It is submitted that for continuing the worship the Deeparadhana at Sabarimala temple and that at the Ponnambalamedu have to be continued. The Deeparadhana at Ponnambalamedu may be allowed to be performed through a Santhikaran of the Sabarimala Devaswom at the time of the Deeparadhana in the Sabarimala temple. This will remove all doubts about the Deeparadhana at Ponnambalamedu without in any manner reducing its religious sanctity.
If that permission is given the Board will make necessary arrangements to perform the Deeparadhana at Ponnambalamedu with all sanctity. The effective co-operation of the Forest Department, Police Department, Revenue Department and Electricity Board are necessary for performing the Deeparadhana at Ponnambalamedu. These Departments may directed to give to the Board their fullest co-operation. The movements of unauthorized persons are restricted in the area.

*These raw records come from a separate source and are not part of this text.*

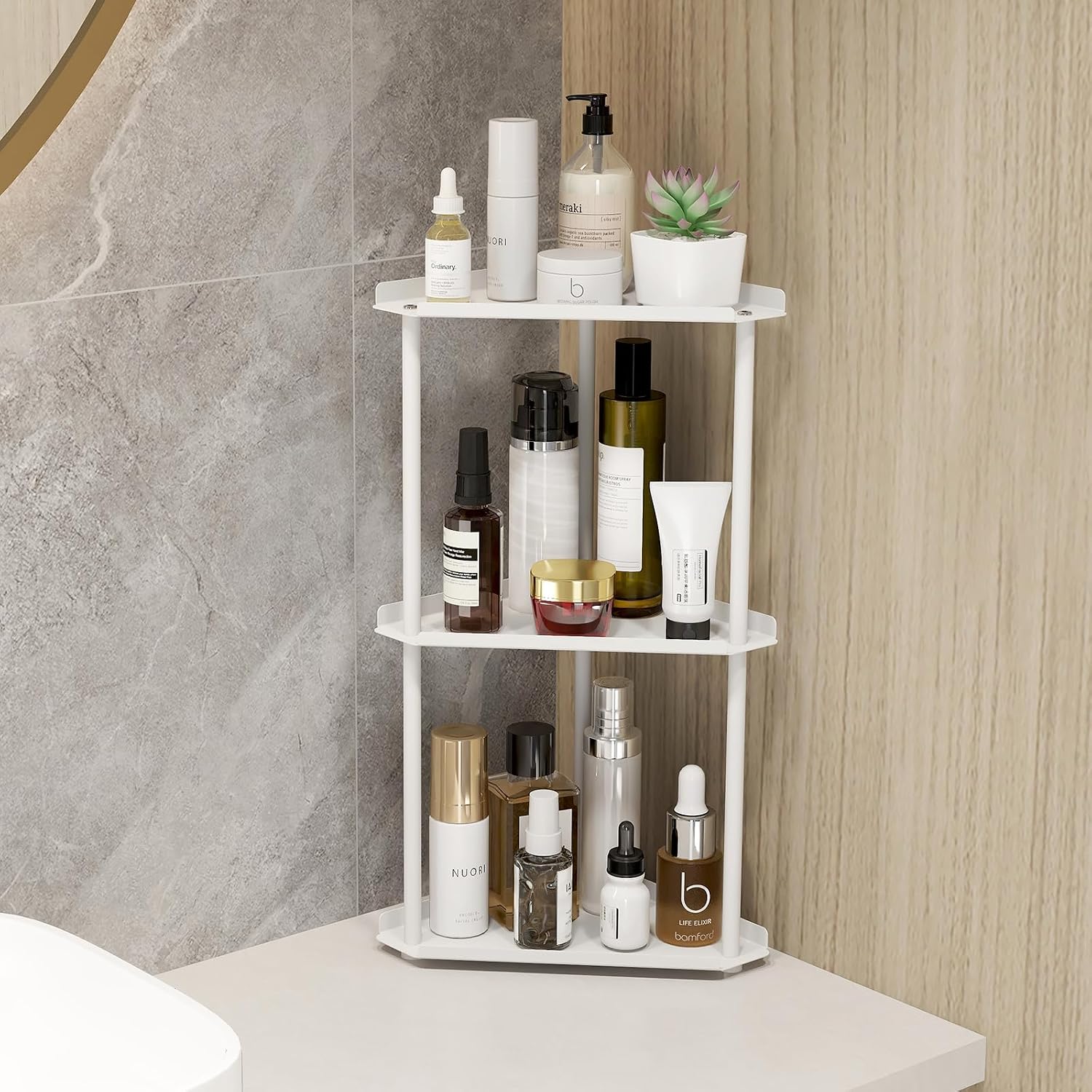 Makeup Countertop Organizers / White 3 Tier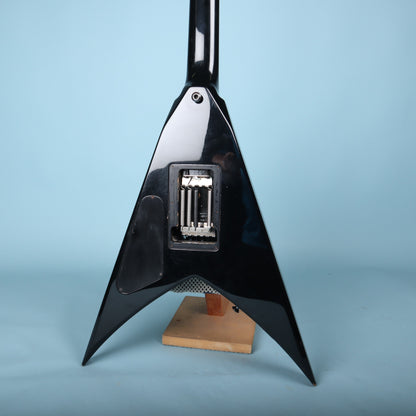 Rear view of the body showing the neck-through heel joint and open tremolo cavity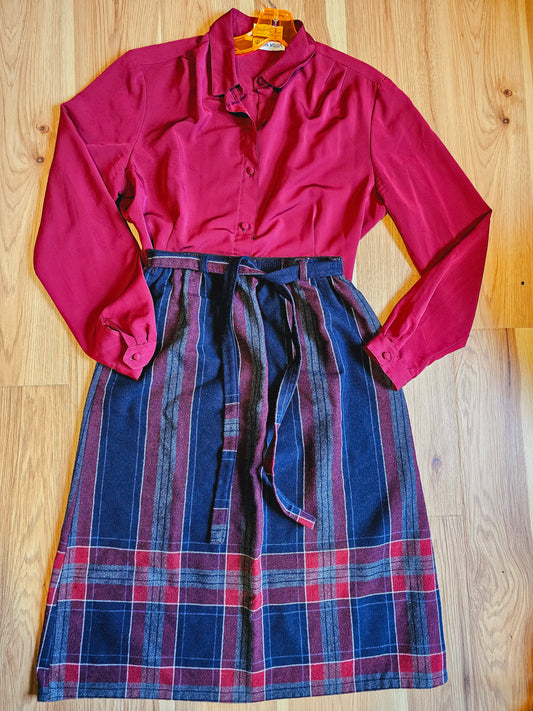 You Pick! 70s Burgundy Blouse and/or Plaid Skirt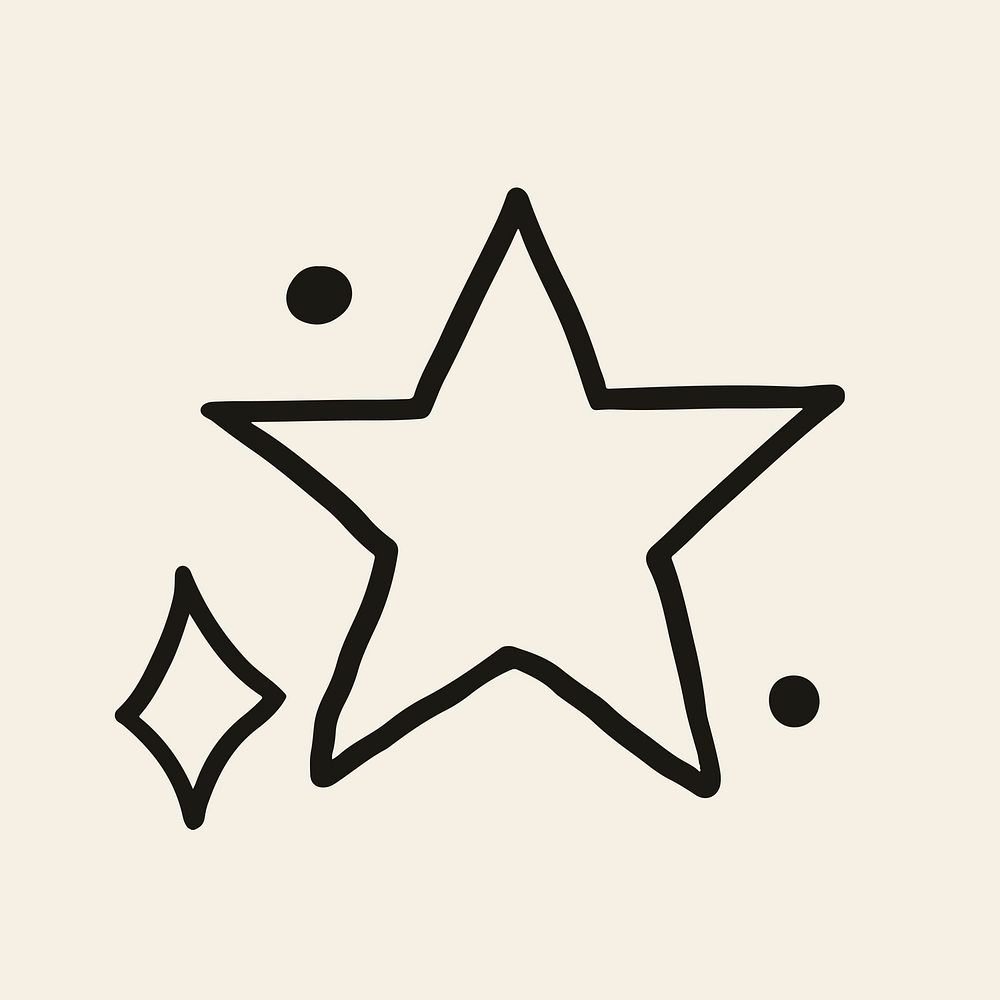 Stars, sparkles icon in doodle style on beige background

The State is not using its police machinery or other resources to highlight superstition. The ‘Makarajyothi’ is the star appearing in the horizon at the time of Deeparadhana on the Makara Sankramam day. It has nothing to do with the ‘deepam’ seen at Ponnambalamedu. The light or ‘deepam’ seen at Ponnambalamedu is not Makarajyothi as stated by the Petitioners.
Makarajyothi is the star seen at the time of Deeparadhana. It is not due to any human intervention. The Petitioners state that the Devaswom Board is conducting propaganda that light seen at Ponnambalamedu is a super human event and takes place naturally at the time of the Deeparadhana at Sabarimala temple. This is incorrect.
The Travancore Devaswom Board or any of its officials have not at any time conducted any such propaganda. They have never stated any where, at any time, that the light seen at Ponnambalamedu is on account of any super human intervention.
On the other hand, the popular belief is that the Adivasis residing there was lighting the lamp at the Deeparadhana time in continuation of and in memory of the religious rites performed there earlier. As submitted above, this light was being seen even before the formation of the Board in the year 1949 and the taking over of the administration of the Sabarimala Devaswom by the Board.
The allegations against the Board is unfounded and are denied. Nobody will entertain belief that this is a super human event. On the other hand, it is well-known that the adivasis were performing poojas earlier at Ponnambalamedu and it is even now being continued through other agencies.
The Petitioners allege in various paragraphs of the Writ Petition that the light seen at Ponnambalamedu is not super human, that it is man-made and that the Government is participating in the huge fraud played on innocent and gullible people in the name of the light seen at Ponnambalamedu spending public money.
It is further alleged that the Government action is violative of Article 27 of the Constitution. To the best of this Respondent’s knowledge and belief the Government is not participating in any fraud as contended by the Petitioners in connection with the light seen at Ponnambalamedu on the Makara Sankranthi day. The Board is also not making any false propaganda as contended by the Petitioners.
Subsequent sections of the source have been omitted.